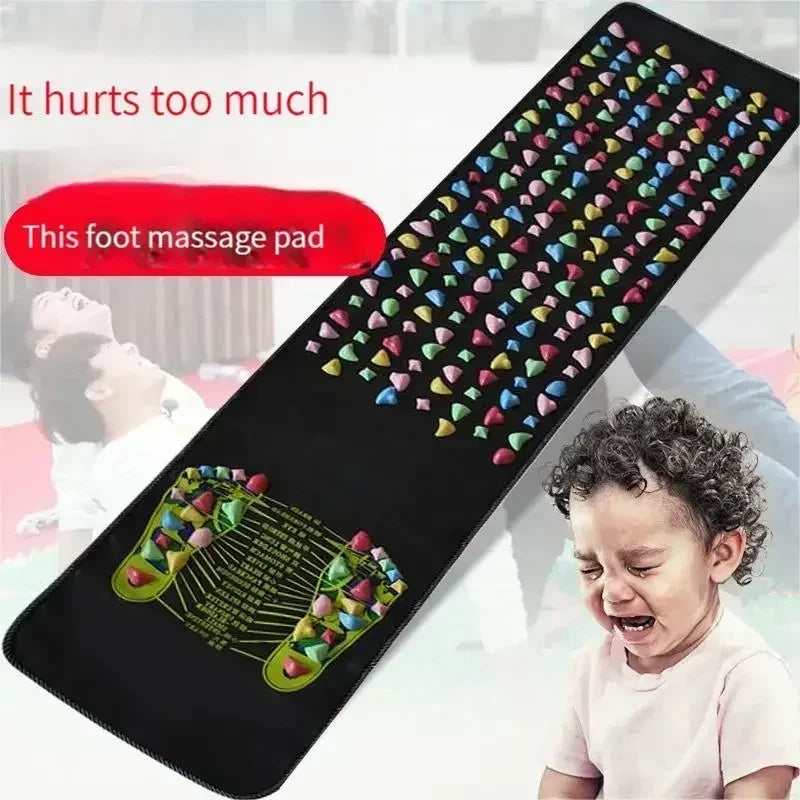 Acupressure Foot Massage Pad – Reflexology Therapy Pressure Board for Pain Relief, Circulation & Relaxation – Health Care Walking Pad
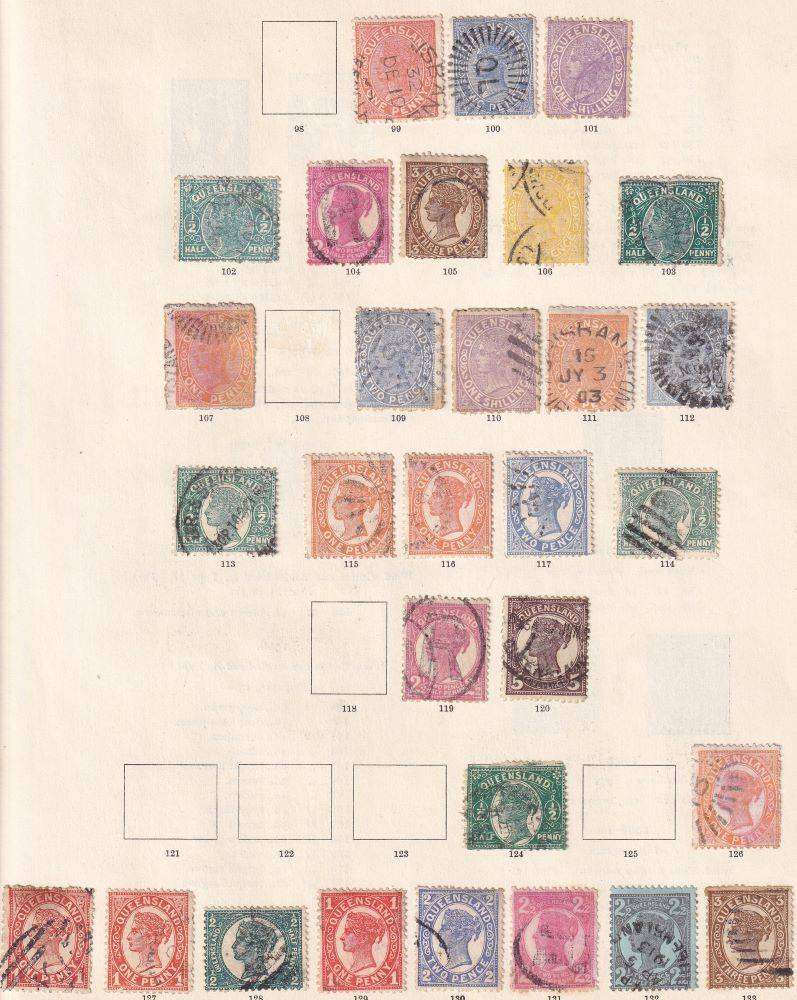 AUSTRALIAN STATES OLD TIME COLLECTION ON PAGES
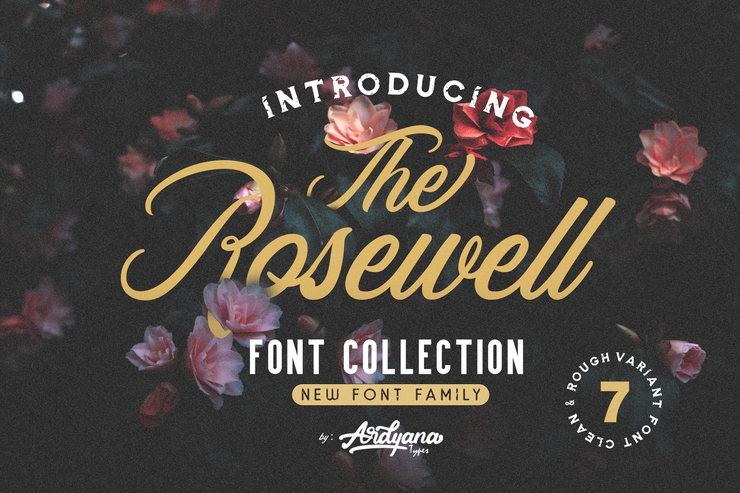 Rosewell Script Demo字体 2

== Work instruction ==
Please repeat, exactly as written, only the lines from the line with "AUSTRALIAN STATES OLD" to the end of the data, leaving out every picture.

== Written answer ==
 AUSTRALIAN STATES OLD TIME COLLECTION ON PAGES
 Rosewell Script Demo字体 2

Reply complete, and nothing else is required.